Canada wildfire forces mass evacuation in Fort McMurray
04 May 2016
The entire population of the Canadian city of Fort McMurray has been forced to evacuate because of a huge wildfire. Some 80,000 people were told to leave as the blaze swept into the city, which is the gateway to the oil sands region. Alberta Premier Rachel Notley called it the biggest evacuation in the history of the province and that the most important priority was to get people safely out of the city.
Emergency shelters have been set up in oil sands work camps to the north of Fort McMurray, where many have fled. Flames have forced the closure of the main road south, Highway 63. No casualties have been reported so far.
Around 100 firefighters and more than 20 helicopters and water bomber aircraft are tackling the blaze, which has destroyed dozens of homes, petrol stations and businesses.
The fire started on May 1 south of Fort McMurray, some 380km north of the provincial capital, Edmonton.

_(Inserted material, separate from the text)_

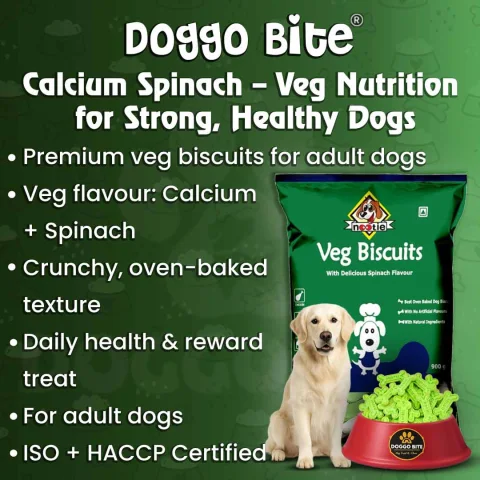 VETLORY Calcium Spinach Veg Flavor Crunchy Biscuits For Adult Dogs - view 2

The fire was contained until May 3, when high temperatures and strong winds pushed the flames towards the city.
Fort McMurray is the hub of Alberta’s oil sands region. Most oil sands projects are well north of the community, while the worst of the flames were on the city’s south side.
Canadian prime minister Justin Trudeau said the Federal government would offer support to the city and the province.
Brian Jean, the leader of Alberta’s opposition party and a resident of the city, said much of downtown Fort McMurray was facing destruction: “My home of the last 10 years and the home I had for 15 years before that are both destroyed.”